Dalam perjalanan liburan yang kemarin, salah satu rute yang diambil adalah Lombok-Bali dengan naik ferry. Alasan utamanya adalah menghemat duit, tapi yang terjadi justru kita malah rugi secara waktu dan tenaga. Semuanya berjalan mulus saat kita meninggalkan hotel di kawasan Senggigi dan menuju Pelabuhan Lembar, Lombok.

Buritan Ferry Lembar - Padang Bai


Sampai di pelabuhan, hal yang buruk sudah terjadi, para calo langsung mengerubungi kita yang mau ke kapal. Pada akhirnya, kita ditawari tiket bus sampai ke Terminal Ubung, termasuk tiket ferry semuanya Rp175.000. Mahal ? Mungkin... sebab waktu itu saya sendiri pusing mendengar celotehan mereka dan tidak berpikir dengan tenang.

Setelah bayar , naik ke kapal, pertama kali kita duduk  di dek utama selama 1 jam. Bosan karena pemandangan yang tertutup, kita naik ke geladak atas setelah hujan reda. Ombak yang mula-mula tenang saat di Pelabuhan Lembar ternyata berubah jadi ganas di tengah Selat Lombok. Ferry oleng ke kiri dan kanan dengan kuat, kalau orang yang tipe suka mabuk kendaraan, dipastikan sudah muntah. Bersiaplah dengan obat anti muntah.

Di kapal juga tidak banyak aktivitas yang dilakukan, keliling geladak atas bawah depan belakang, foto-foto, main , tidur, makan dan akhirnya cerita dengan turis asal Jerman , ibu dan anak soal banyak hal.

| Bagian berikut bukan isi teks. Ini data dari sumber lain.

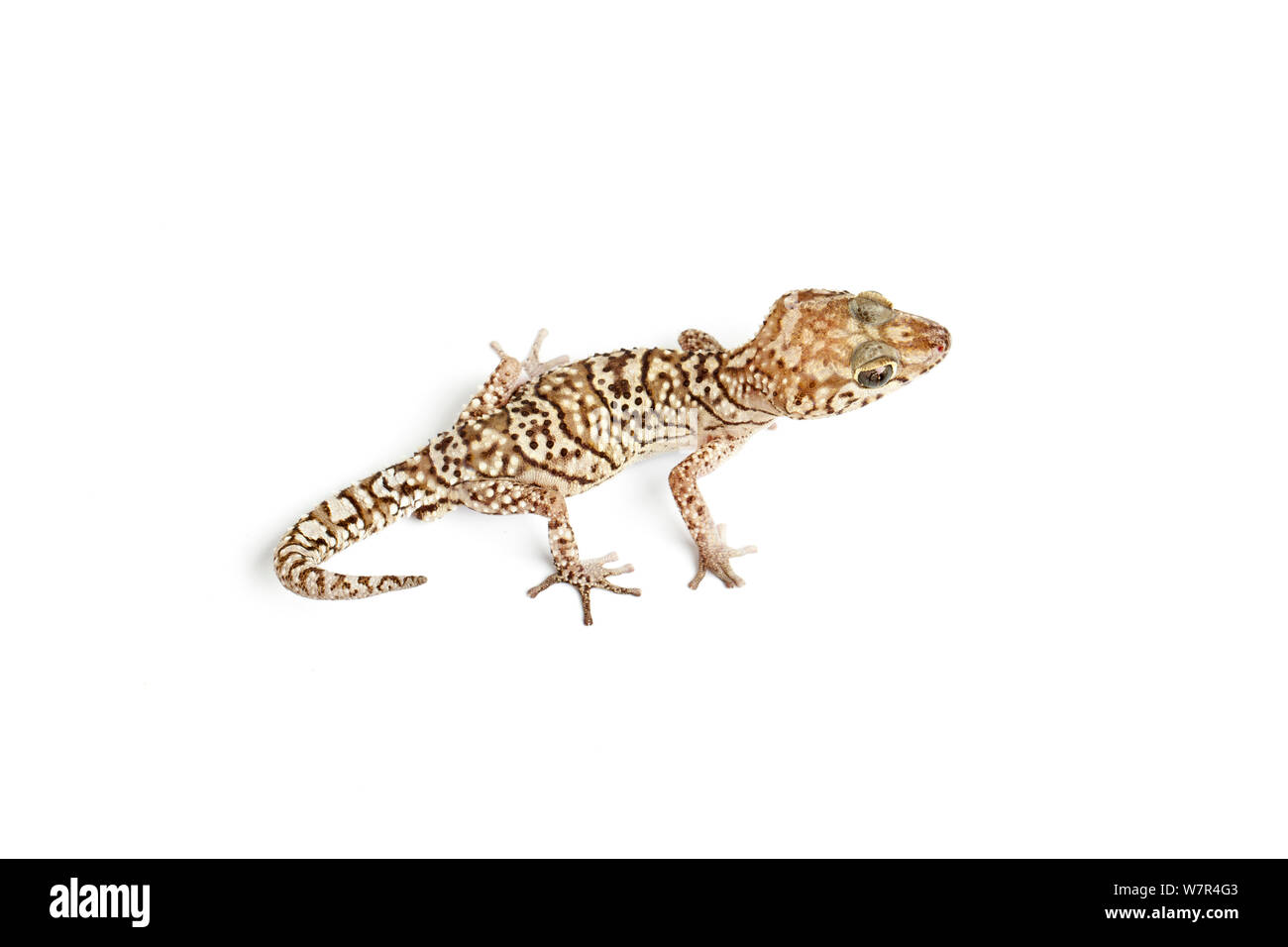 Big-headed Gecko (Paroedura picta). Madagascar Foto Stock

Menurut info, kapal ferry seharusnya memakan waktu 4-5 jam sampai di Pelabuhan Padang Bai, tapi kenyataannya sampai 8 jam! Kita berangkat pukul 13.00 WITA, dan para penumpang mulai riuh saat sudah pukul 19.00 WITA, kapal belum juga sandar di pelabuhan. Ada turis yang putus asa bertanya-tanya terus-terusan sama kru kapal karena dia mau naik pesawat jam 21.00. Dengar-dengar, ternyata dermaga di Pelabuhan Padang Bai cuma ada dua, dan sialnya satu dermaga sedang dalam perbaikan...bandingkan dengan dermaga di Pelabuhan Lembar yang ada 5 dermaga.

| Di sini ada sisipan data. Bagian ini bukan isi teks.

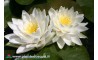 Waterlily Perry's Double White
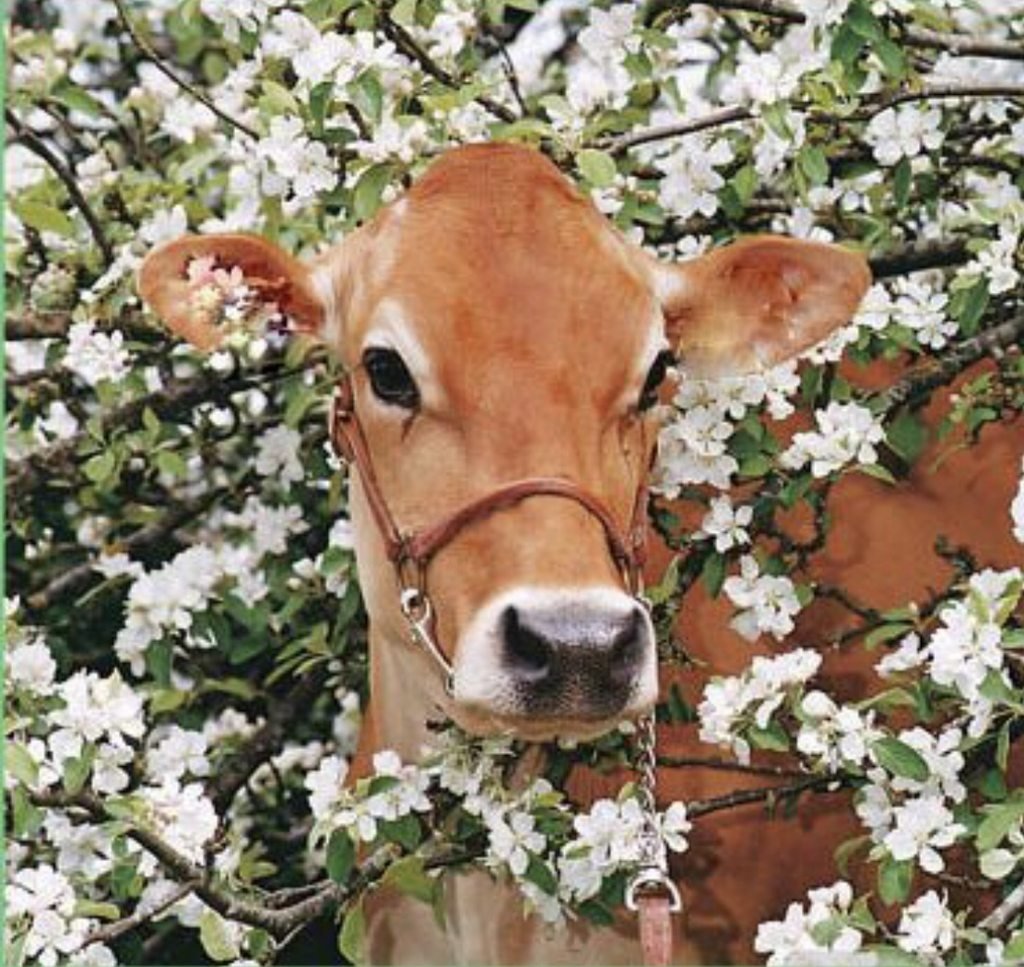 Взгляд коровы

Akhirnya, kapal berlabuh juga pada pukul 21.00 WITA, dan semua penumpang masuk ke bis. Celakanya, tiket calo tadi kasih nomor tempat duduk asal, sehingga akhirnya terjadi sedikit selisih paham. Untungnya, kita cuma sampai Terminal Ubung sehingga tidak terlalu menggangu penumpang lain yang ke Surabaya. Menurut Bapak yang duduk di sebelah saya, lain kali ambil bis yang dari Mataram lebih baik daripada naik di Pelabuhan Lembar. Go Show untuk naik bis kemudian di Pelabuhan Padang Bai juga tidak direkomendasikan apalagi kalau malam. Tidak diketahui bagaimana nasib si bule yang mengejar pesawat jam 21.00, sampai di Terminal Ubung kita ambil taksi Rp150.000 ke daerah Kuta. Sampai di Kuta, check in hotel, masuk kamar dan tidurrr....Mimpi buruk itu usai sudah.

Thursday 23 April 2015

Pantai Pink - Tanjung Ringgit, Lombok

Sebelumnya, saya selalunya tahu kalau ada Pantai berpasir berwarna merah jambu adanya di Pulau Komodo. Namun, setelah banyak membaca (ceh...murid teladan) dan melayari informasi di internet maka ada juga ternyata pantai berpasir merah jambu di Lombok. Menurut informasi , Pantai Pink ini ada di kawasan Tanjung Ringgit, di ujung timur semenanjung Pulau Lombok bagian selatan.



Berhubung lokasi penginapan ada di daerah Senggigi, di kawasan barat Lombok, maka perjalanan ini adalah perjalanan ujung ke ujung dari Pulau Lombok! Lama perjalanan 3-4 jam, tergantung kelihaian dan pengetahuan lokasi. Kalau sudah paham lokasinya, bisa jadi perjalanan lebih singkat, soalnya saya sampai 3-4 jam ditambah berhenti untuk tanya-tanya dan juga beli makanan.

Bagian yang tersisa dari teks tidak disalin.